The quote “there’s no place like home” often finds a welcoming embrace from many. Despite that, I wouldn’t particularly say that it finds that from me as my definition of home isn’t a geographical location, nor is it a group of people to which I’m related to by blood, friendship, or acquaintance. I’m oblivious to home’s concrete definition, and having been back in the little sandbox of a country that I live in for almost a week, it’s fair to say that I have no relation to it.
Struggling through the inevitability of jet lag, I have yet to discover what’s new and happening within The Kingdom of Bahrain; I have yet to get lost within its new spaces and places and perhaps fall upon new faces, you know? Whilst doing that and sipping upon one too many Americanos, I couldn’t help but reflect upon the past five months that I’ve spent in America – so here’s a letter.
It would take an unfathomable amount of effort to neglect how I’ve guiltlessly taken pieces of your fragmented grounds to construct myself. It would also take an unfathomable amount of effort to turn a blind eye to the defects of those pieces. Most of all, it would take an unfathomable amount of effort not to thank you.
So, America, thank you.
An old friend of mine once said,“It’s easy to assume that what you desire, especially as a young person, is your God given right.” And as one would, I ecstatically pursued our generation’s propelling currency. I pursued what I’ve been reading about ever since I was 10, The American Dream. The dream where “no sir” and “yes ma’am” would be reciprocated with mutual respect, but instead I was hesitantly embraced with doubt and questioning upon placing an order at your “don’t use the Lord’s name in vain” of a place: Chick-fil-A.
Following up on that American experience came the renowned Chipotle, and my life, it sure was! (At least for the first couple of weeks). I came to understand the bewitching aspect of Walmart, how we as millennials romanticize grocery shopping, and it’s no cash payback receipt with a significant other. Although, the understanding along with the effects of the rose-tinted glasses happened to wear off upon a late night “people watching” session. One where all you came across were homeless folk, alcoholics, and frat boys that purchased an excessive amount of beer cups, alcohol, wire cutters, off the counter drugs, trojans, and then instantly ushered out to act upon their debauchery do’s.

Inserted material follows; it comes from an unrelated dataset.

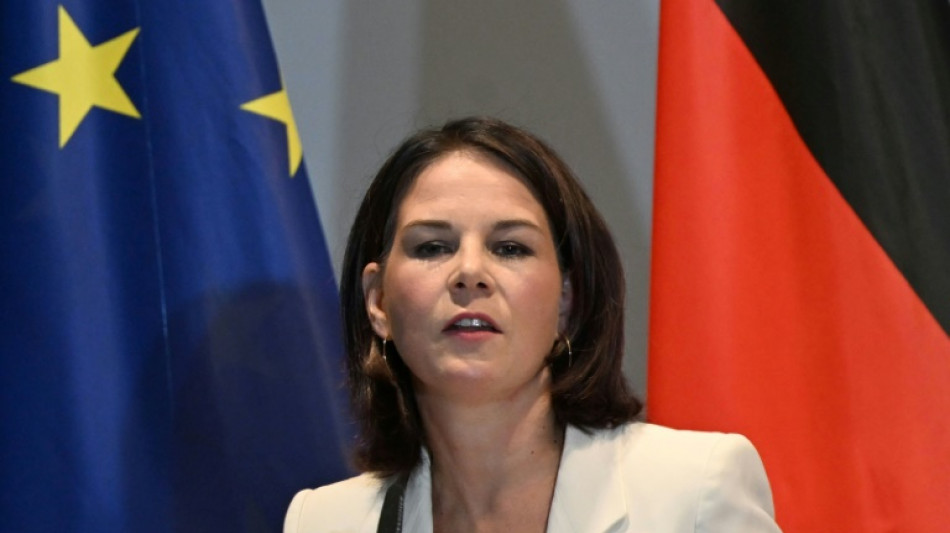Baerbock ruft zu mehr Selbstverantwortung in Sicherheitspolitik auf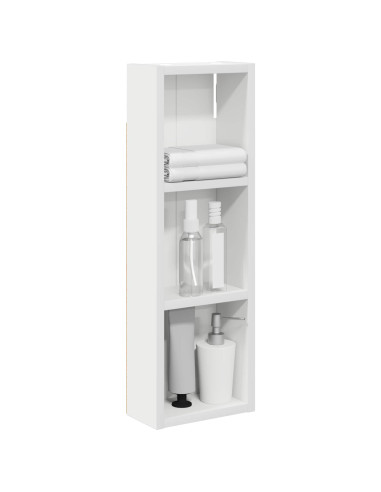 Armadio da bagno a muro Bianco 20 x 10 x 60,5 cm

But away from the dark and moody to lush green fields, and what’s fruity. Being unaware of the Midwest, what I witnessed was not what I had expected – thank god. Not to dismay the excessive plaid and checkered shirts, faint Dolly Parton and Kacey Musgrave’s tunes, and the occasional “the city’s too big of a place for me”, it was quite yee – and I can’t stress this enough – haw. From stressing over one aspect, to stressing over the bigger picture, one to which I willingly give an immense sense of gratitude and thanks.
America, thank you for helping me see a picture that’s inclusive of who I am, what I want to be, and what I want to contribute to in the future. A picture that I have to vigorously and adamantly work towards. Thank you for showing me that beauty isn’t idealistic, one particular shape or form, a race nor is it just white. Thank you for showing me what self-worth is, and how to set it. Thank you for showing me that change isn’t only possible, but inevitable. Thank you for putting me in situations where the collective overpowered the individualistic.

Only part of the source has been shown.